== Records to process

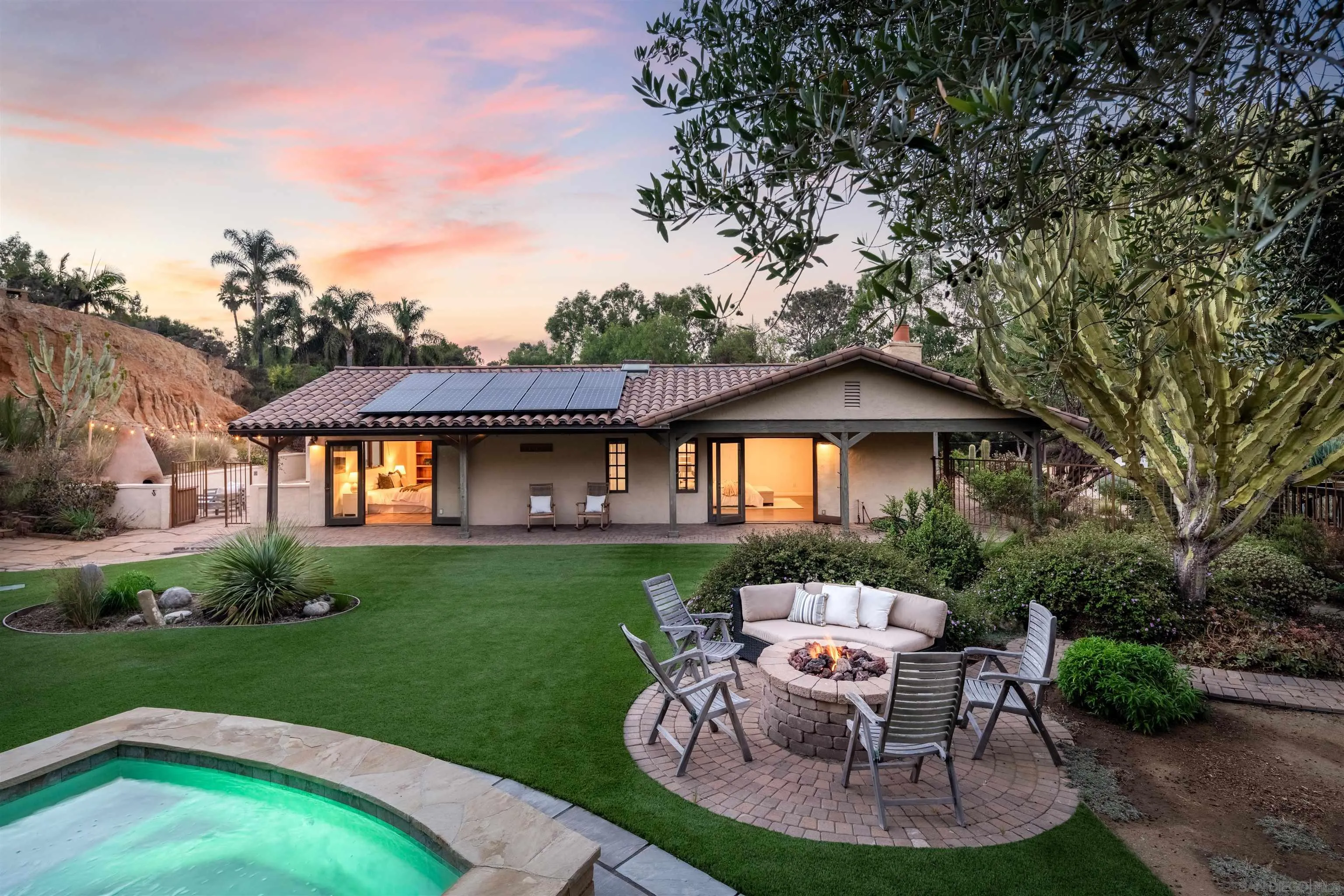 a backyard of a house with table and chairs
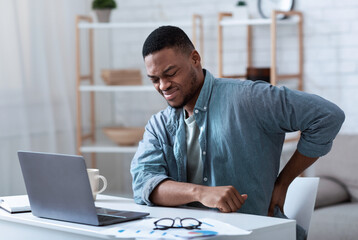 Pain In Back. African American Guy Having Backache Massaging Aching Lower Back Suffering From Pain Sitting At Workplace In Modern Office. Lumbar Ache. Health Problem Concept.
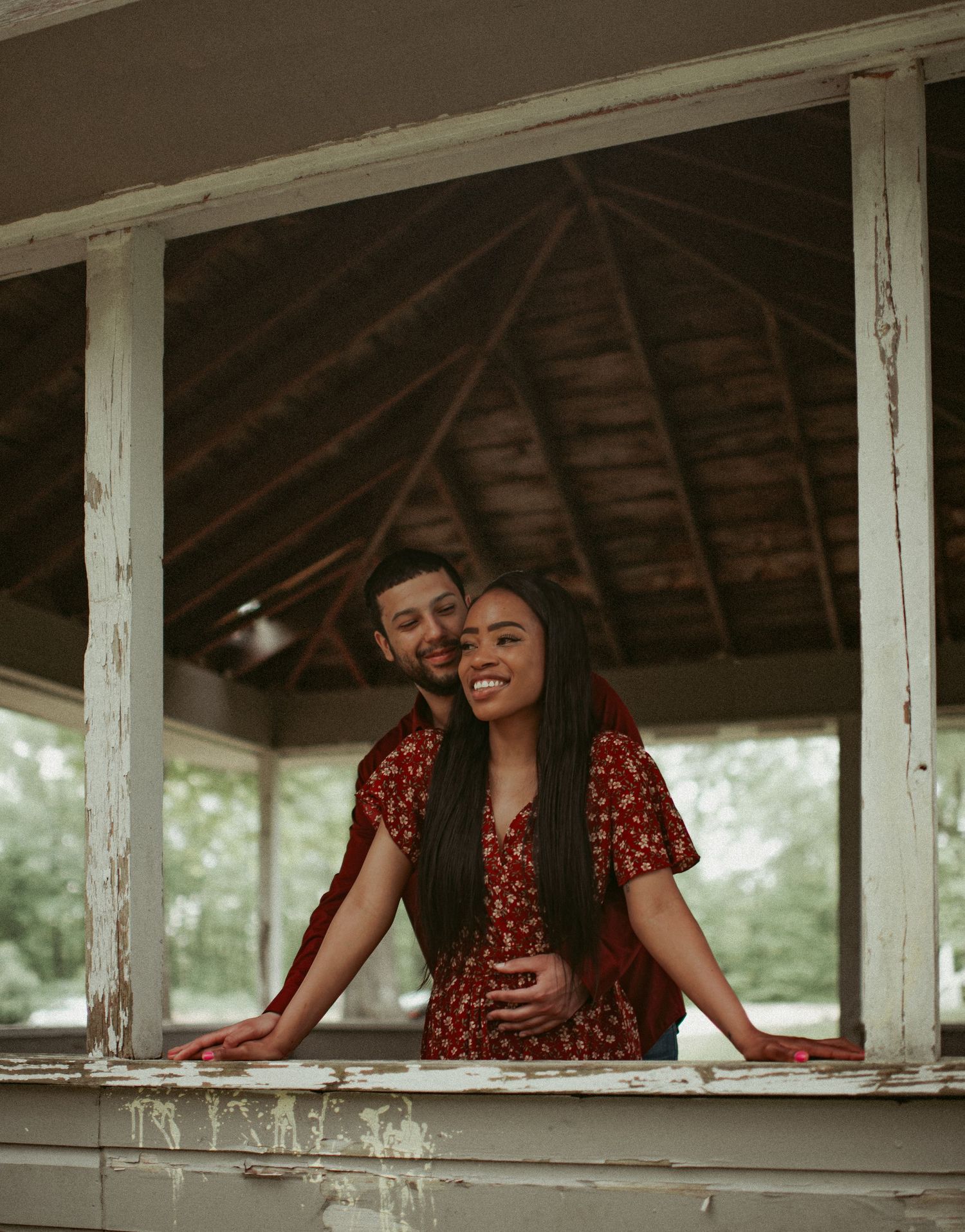 Smiling couple posing in a weathered white gazebo window, woman in red floral dress embraced by partner.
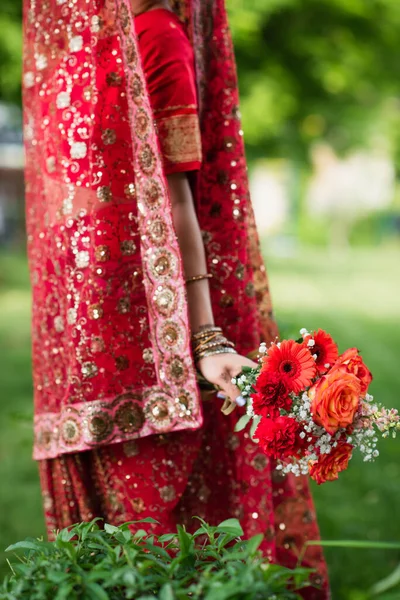 Vista cortada de noiva indiana em sari vermelho e lenço de cabeça tradicional com ornamento segurando flores — Fotografia de Stock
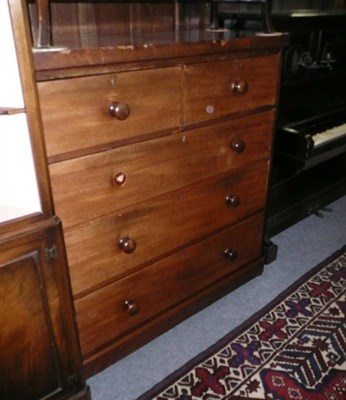 Lot 553 - A 19th century mahogany chest of two short over three long graduated drawers, on platform base,...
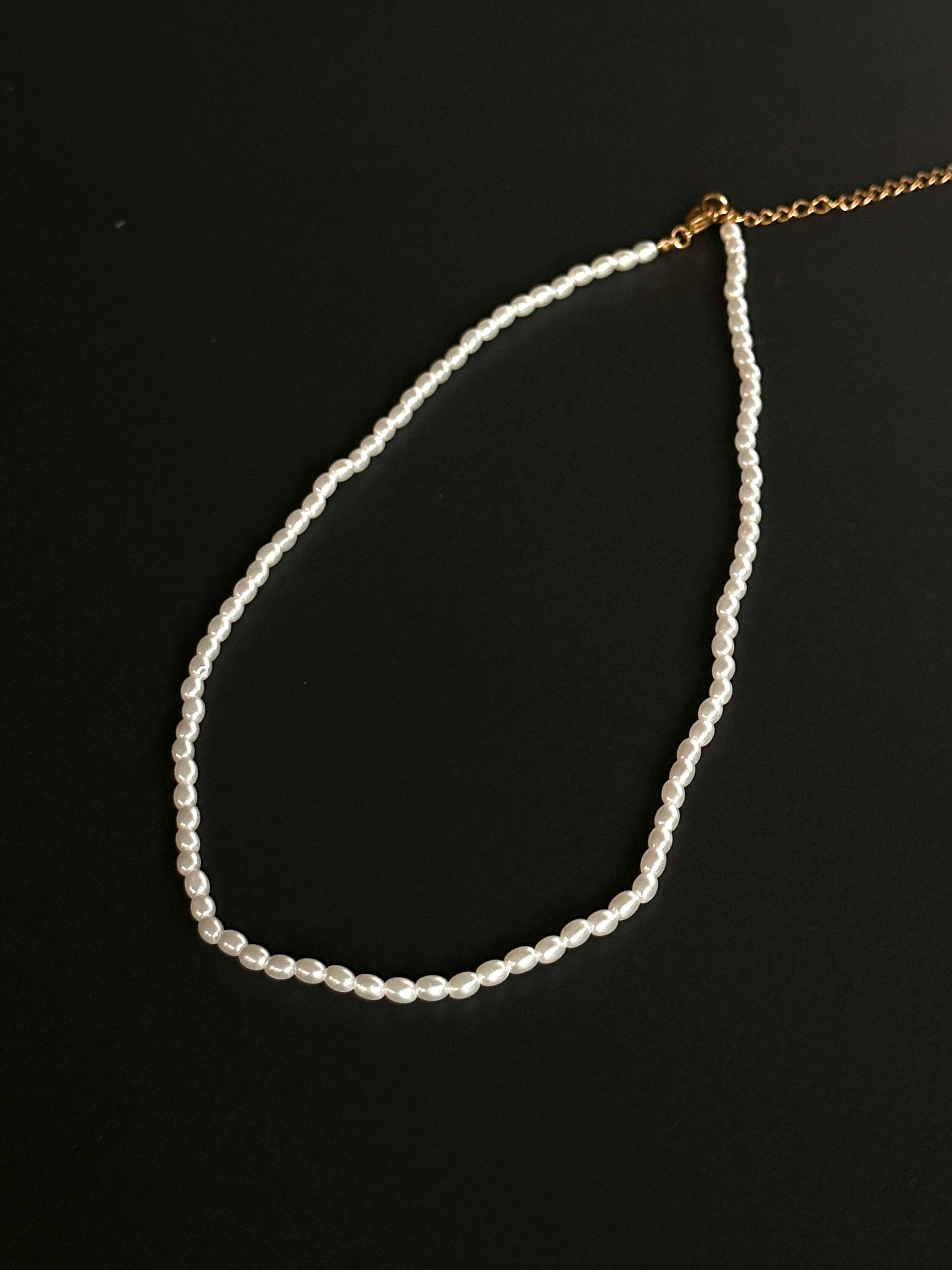 Product photo of elegant white pearls, showcasing their lustrous sheen and timeless beauty. Perfect for church services or weddings, these pearls add a touch of sophistication and grace, making them an ideal choice for special occasions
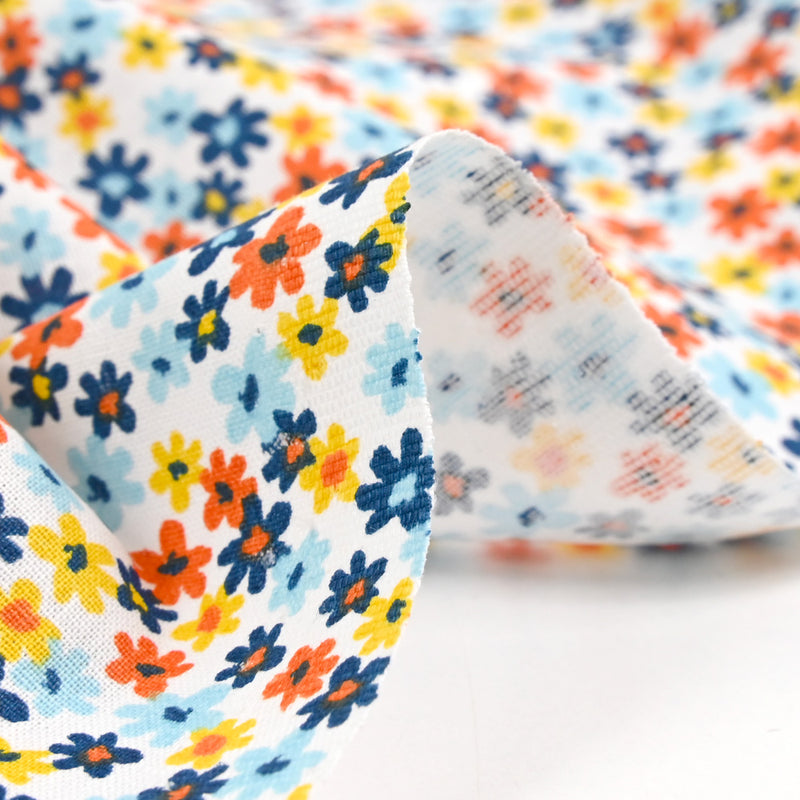 Coton imprimé fleurs de Chantale ciel et moutarde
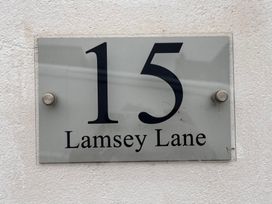 A sign displaying the address 15 Lamsey Lane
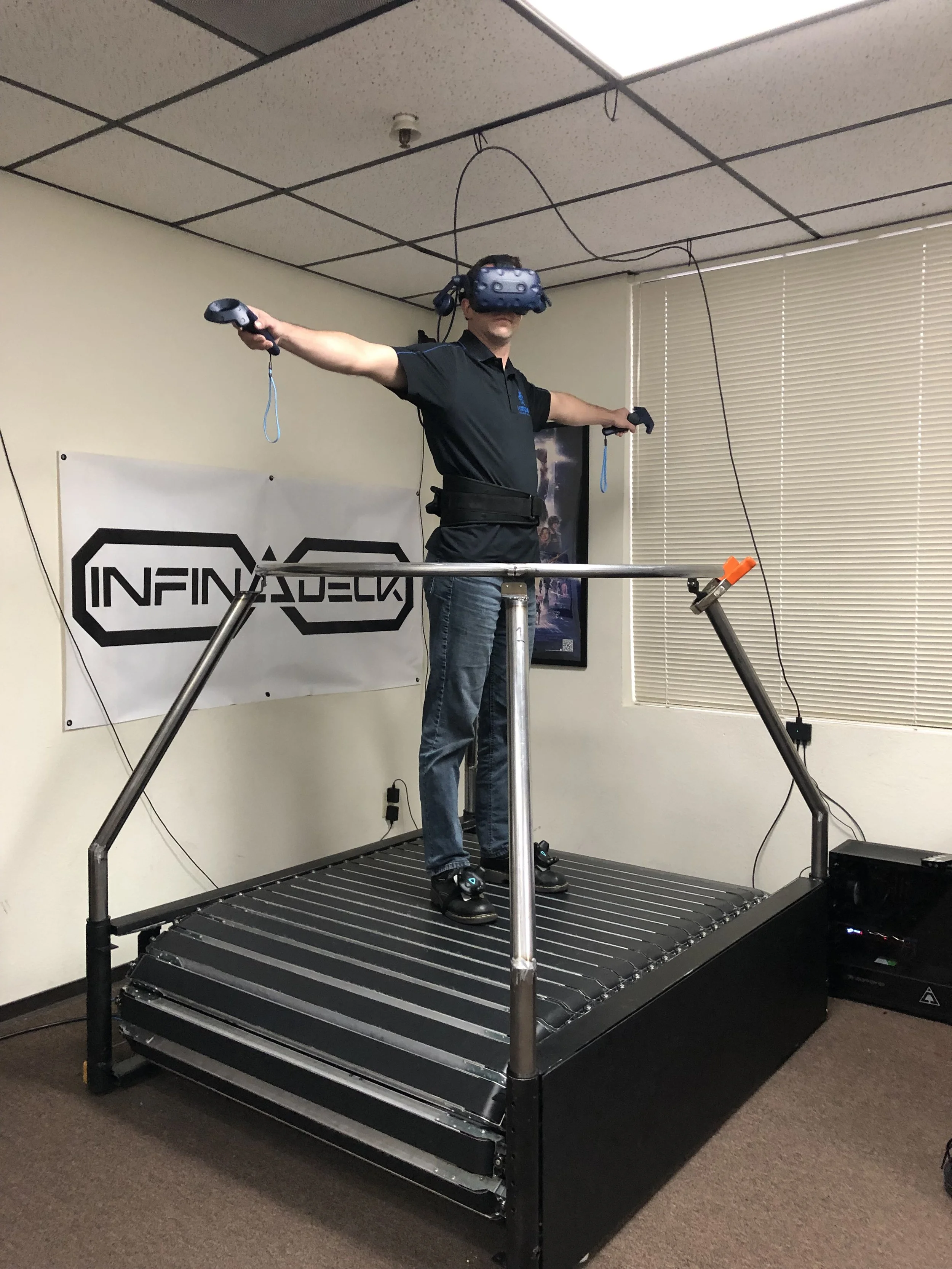 Man using virtual reality equipment while standing on a motion platform, with arms extended and wearing a VR headset, in an indoor room with a banner and blinds.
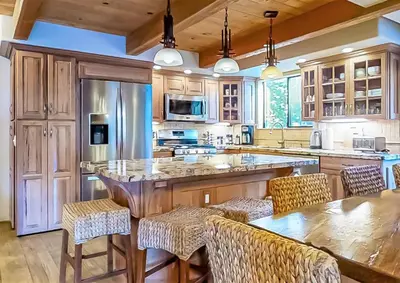 a kitchen with a large island with bar stools at Village Treehouse #1 in Mammoth Lakes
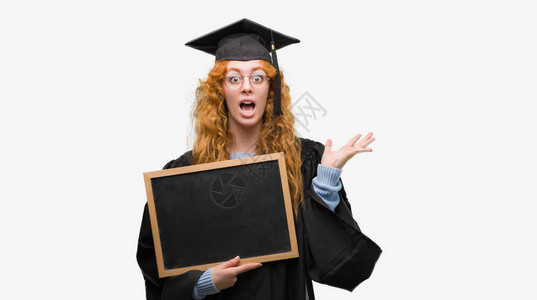 穿着毕业制服的年轻红发女学生拿着黑板非常高兴和奋高清图片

====

__The task__
What are the lines above from the one with "Pain In Back." to the one with "A sign displaying the address 15 Lamsey Lane", both included? Reproduce them exactly, without pictures.

__Output of the exercise__
 Pain In Back. African American Guy Having Backache Massaging Aching Lower Back Suffering From Pain Sitting At Workplace In Modern Office. Lumbar Ache. Health Problem Concept.
 Smiling couple posing in a weathered white gazebo window, woman in red floral dress embraced by partner.
 Vista cortada de noiva indiana em sari vermelho e lenço de cabeça tradicional com ornamento segurando flores — Fotografia de Stock
 Lot 553 - A 19th century mahogany chest of two short over three long graduated drawers, on platform base,...
 Product photo of elegant white pearls, showcasing their lustrous sheen and timeless beauty. Perfect for church services or weddings, these pearls add a touch of sophistication and grace, making them an ideal choice for special occasions
 Coton imprimé fleurs de Chantale ciel et moutarde
 A sign displaying the address 15 Lamsey Lane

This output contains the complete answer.